We began our day at 6am with a ride to the SOS orphanage in Bukavu. On our way to our site, I was reminded of the juxtaposition of the intoxicating beauty of Lake Kivu and the utterly extreme poverty of Bukavu.
We arrived promptly at 7am and began our workshop with the children whose dark eyes betrayed a sadness and hardship; children who had witnessed entirely too much evil for their young and supposedly innocent ages. We had 70 to 80 children come in at 45-minute intervals all day in order to accommodate everyone. We danced, we painted, and we wrote letters to President Obama. Our letters begged for the end of genocide, rape and war.
Sadly, human hurricanes, tsunamis, and earthquakes occur everyday in Congo. Silent murderous storms, floods of sexual violence, and earthshaking murders are the norm. Women are not seen as human beings in this country, rather as animals degraded and demoralized – stripped of all in brutal and unimaginable manners.
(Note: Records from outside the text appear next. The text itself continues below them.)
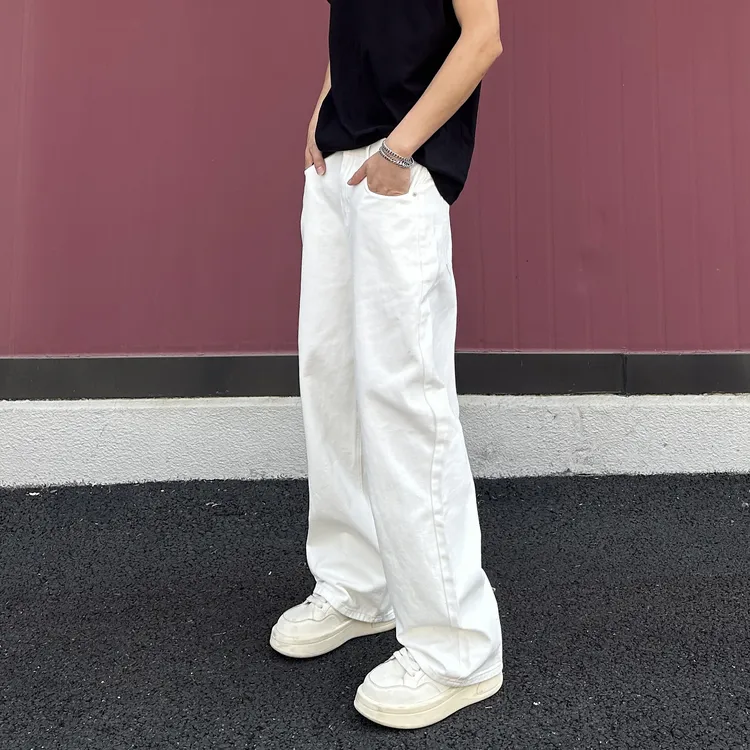 QUALCOMM秋季新款极简白色牛仔裤男女同款潮流百搭宽松直筒阔腿裤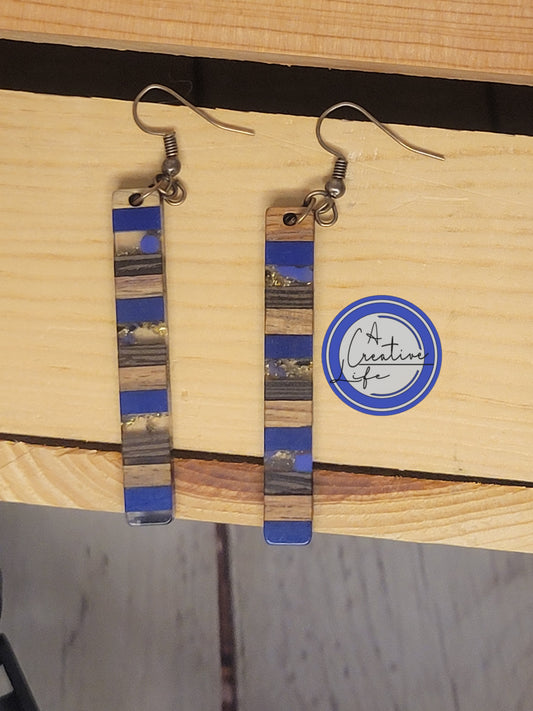 Walnut and Blue Poly Resin Drop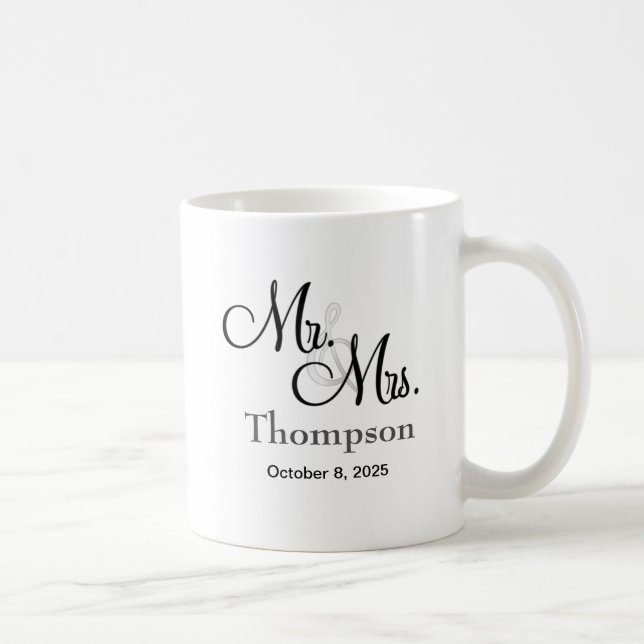 Personalized Mr and Mrs Wedding Coffee Mug (Right)
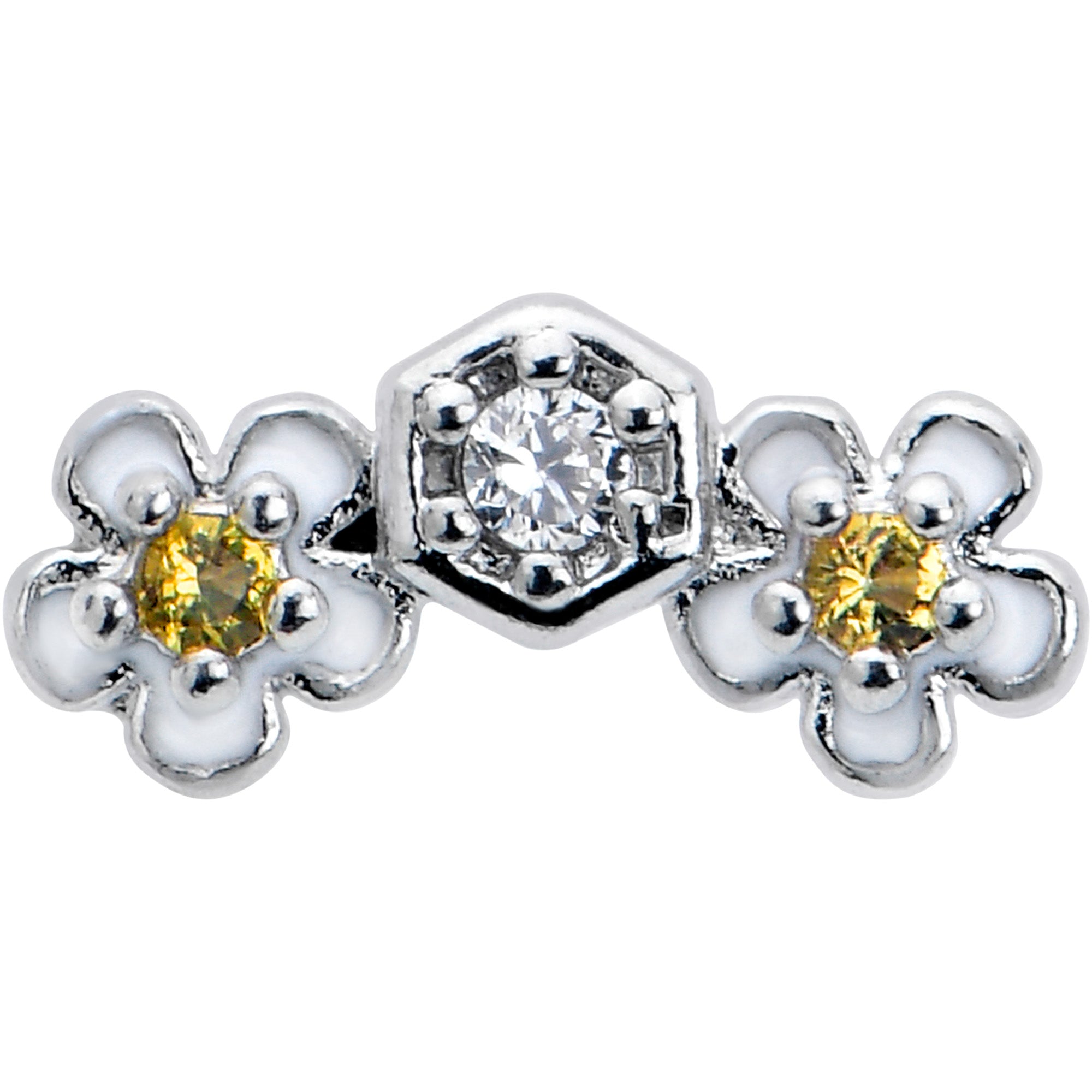 16G 5/16 Yellow CZ Gem Honeycomb Flower Labret Monroe Tragus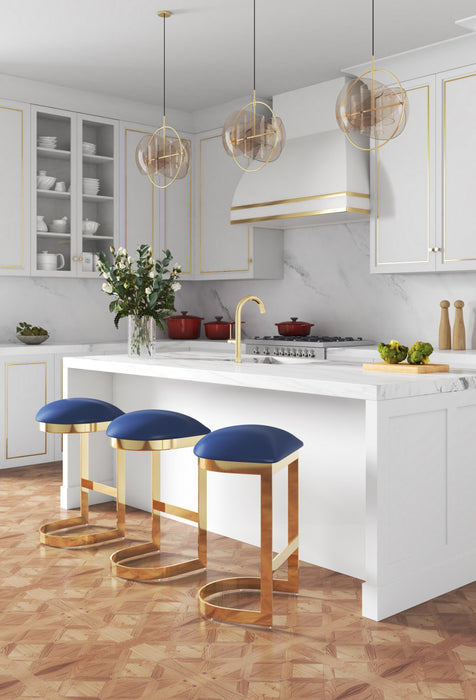 Aura Modern Metal Upholstered Barstool in Blue - Set of 3 Bar Stool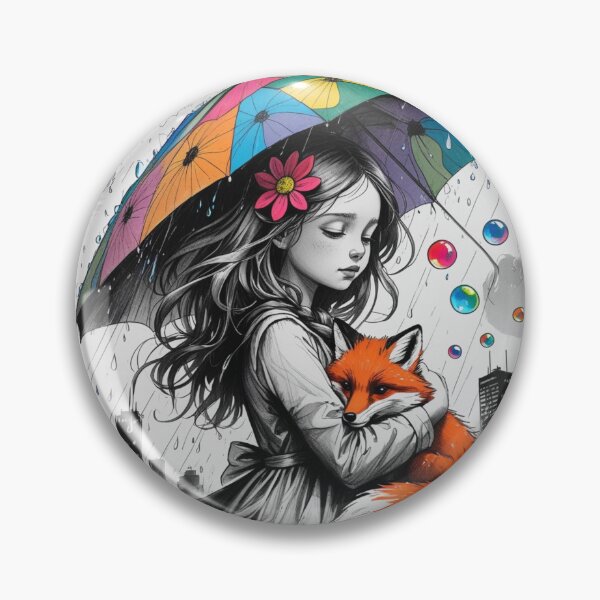 Item preview, Young Girl With a White Red Fox and a Colorful Umbrella 4 designed and sold by AlinaSCorner.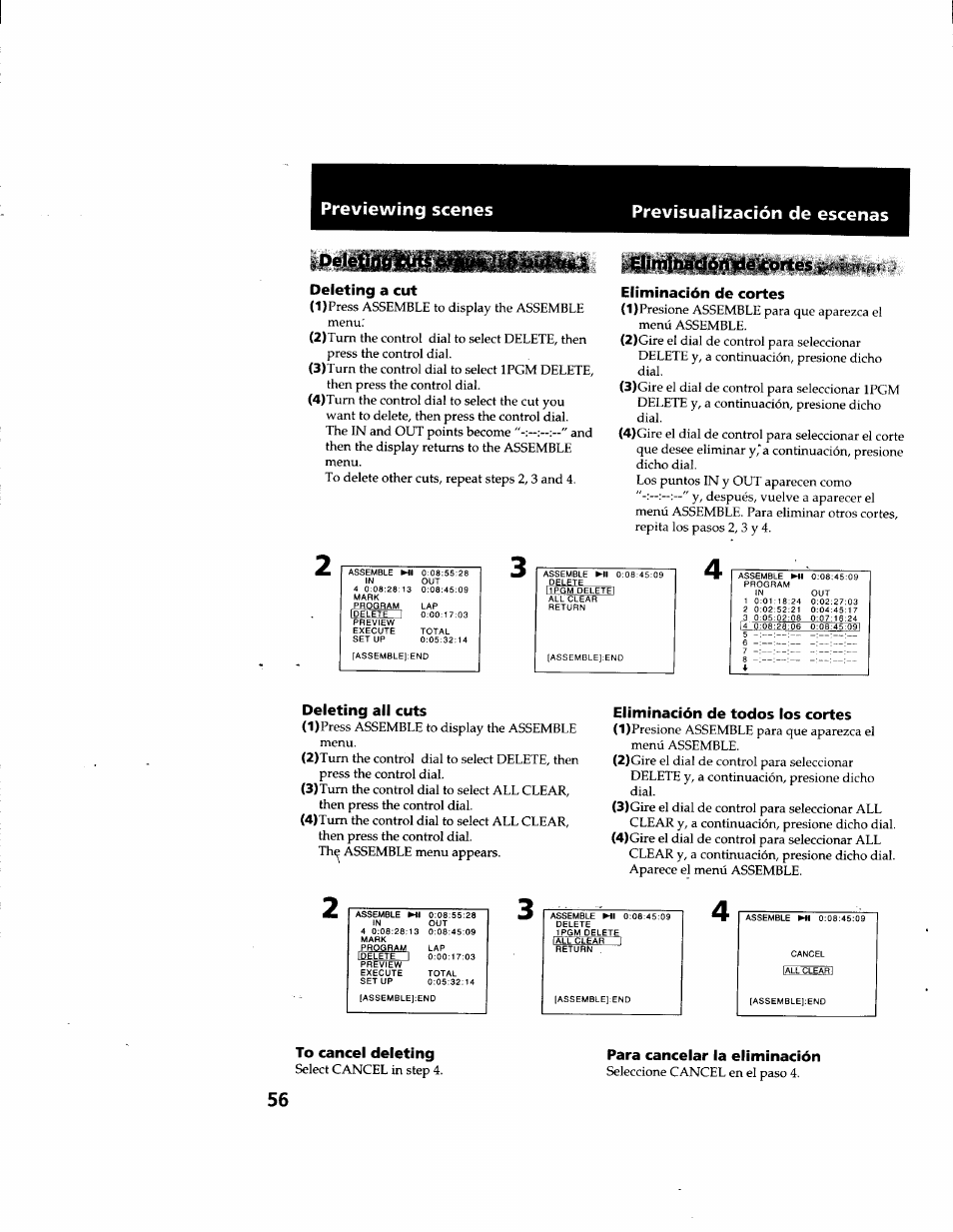 Previsualización de escenas, Deleting a cut, Eliminación de cortes | Deleting all cuts, Eliminación de todos los cortes, Para cancelar la eliminación, Previewing scenes previsualización de escenas | Sony GV-D900 User Manual | Page 56 / 88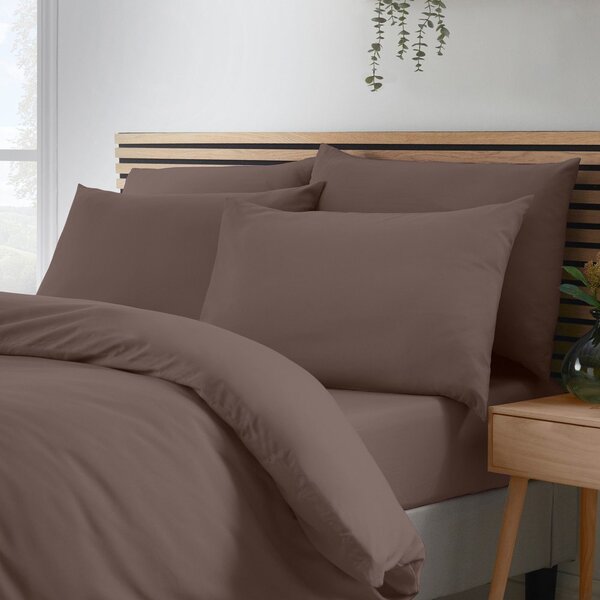Тъмнокафяво единично спално бельо 135x200 cm So Soft Non Iron – Catherine Lansfield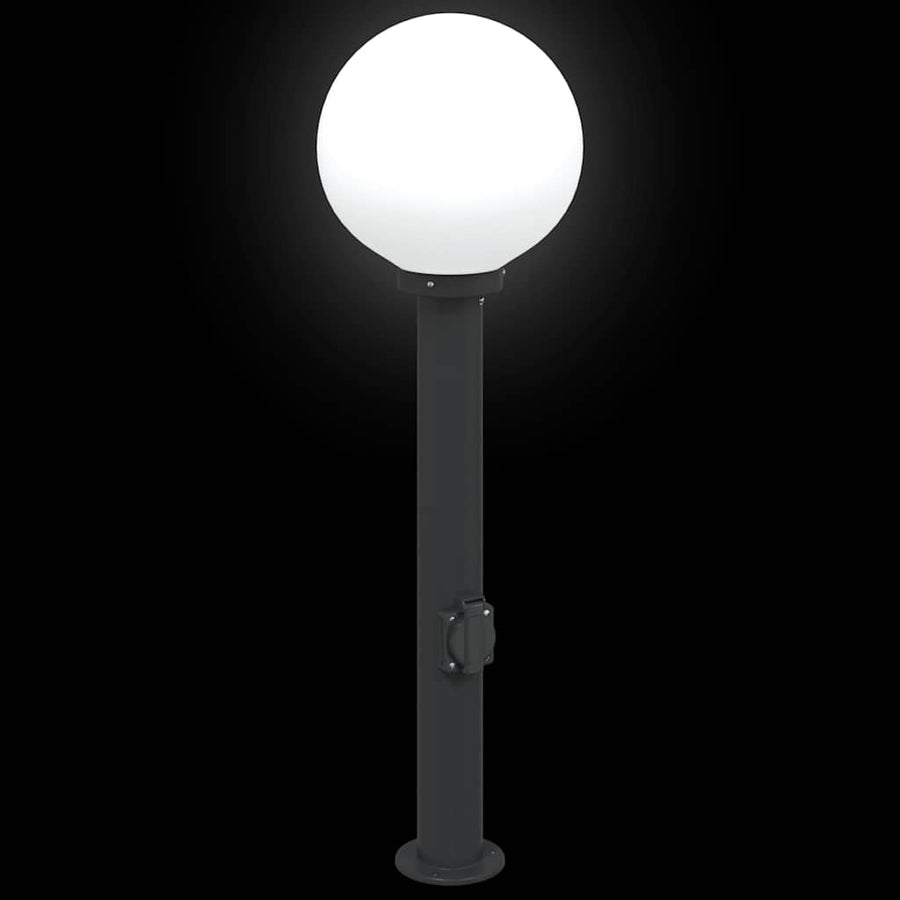 Bolderarmatuur met stopcontact 80 cm Zwart IP44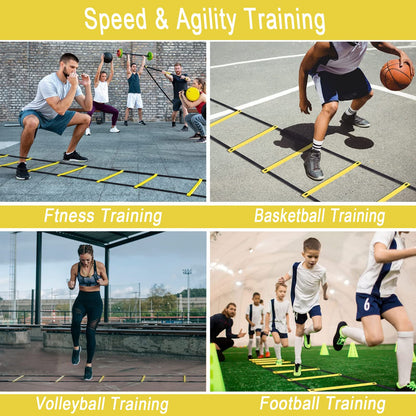 YHOTOGEA Football Training Equipment for Kids, Speed Agility Training Set, Agility Ladder 12 Rung 6M, Football Kick Trainer, 12 Disc Cones, Skipping Rope, Football Training Kit for Soccer Training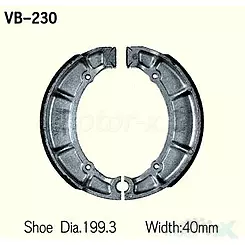 Szczęki hamulcowe 200x40mm Vesrah VB-230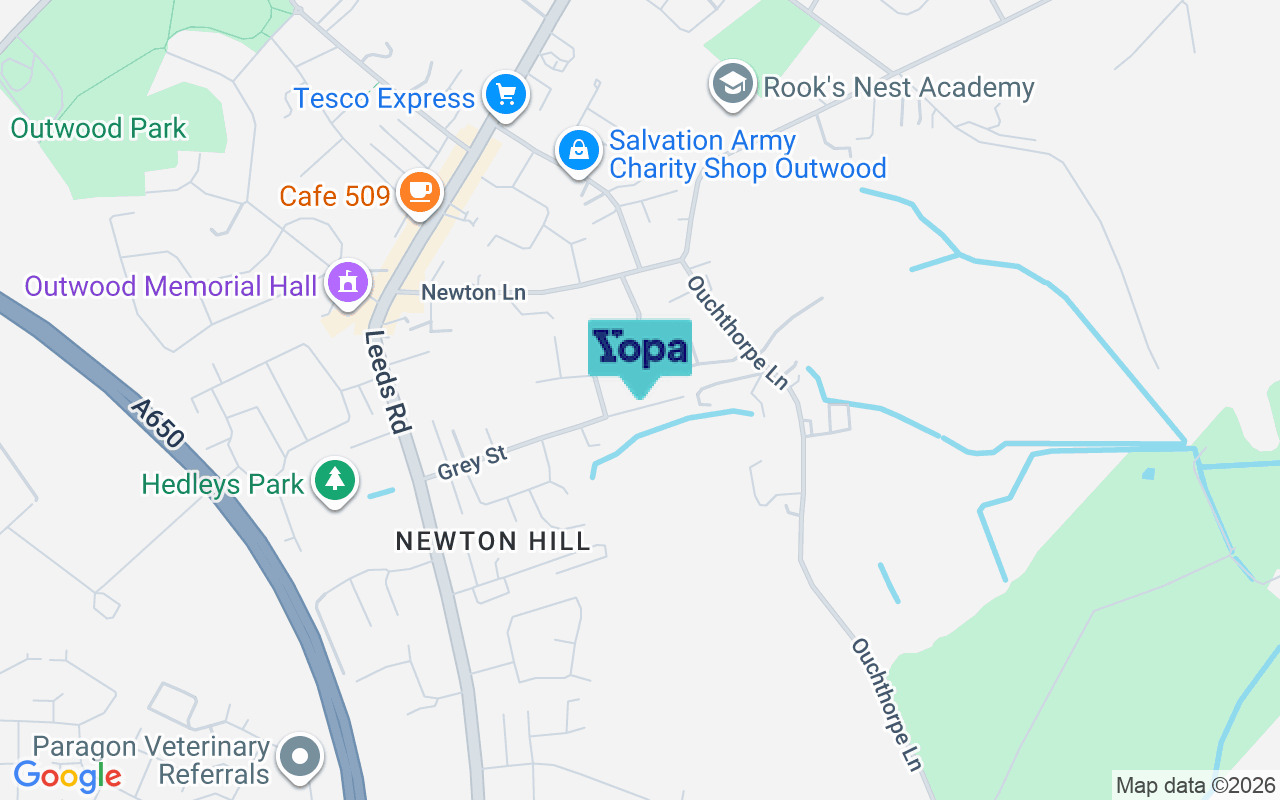 Map showing the location of WF1 3HN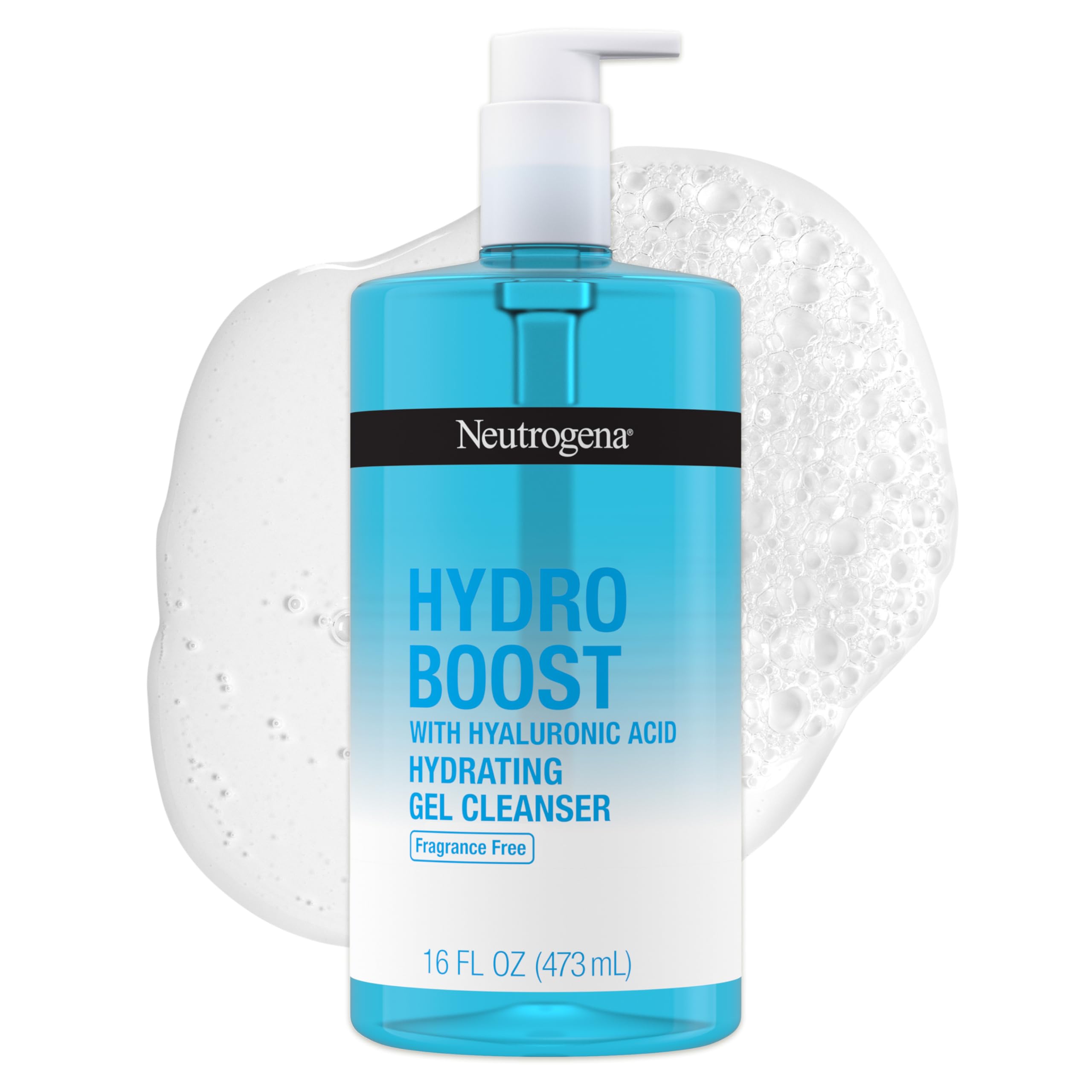 Neutrogena Hydro Boost Fragrance Free Hydrating Gel Facial Cleanser with Hyaluronic Acid, Daily Foaming Face Wash & Makeup Remover, Gentle Face Wash, Non-Comedogenic, 16 fl. oz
As if we didn’t need to be reminded of the complete and utter lawlessness of the Congo, at one point during our workshop today, Vance, one of our cameramen, told me he was going to walk up the hill to get a shot of the SOS sign. In the midst of focusing his camera, he was suddenly surrounded by the Congolese military who attempted to drag him to their waiting vehicle. He managed to get away from them and quickly darted back towards the orphanage, with the military in quick pursuit. He luckily was able to make it to the director’s office that came to his aid and told the men in green that he was indeed there working with the orphanage.
Then, upon returning to our hotel we learned that we had lost yet another room, which had been taken over by the government. We have now lost two rooms and are residing as if we are in some depressing sleep-away camp with duffel bags packed to the ceiling.
Our sponsors, the awe-inspiring Women For Women International, have been truly phenomenal in not only keeping us safe, but also showing us how an NGO can successfully empower others towards a more positive and fruitful future.
Tomorrow we will be working with 500 children as well as 400 mothers. I am sad and tired and incredibly emotional, but when I think about what the poor souls with whom I have had the recent pleasure of working are going through, I instantly feel immensely guilty for even thinking about myself at this time. I am going to sleep now. I am going to weep and I am forever going to treasure my life, my friends, my husband, and my children, and as God is my witness, I will never take one moment of my life for granted again. Ever.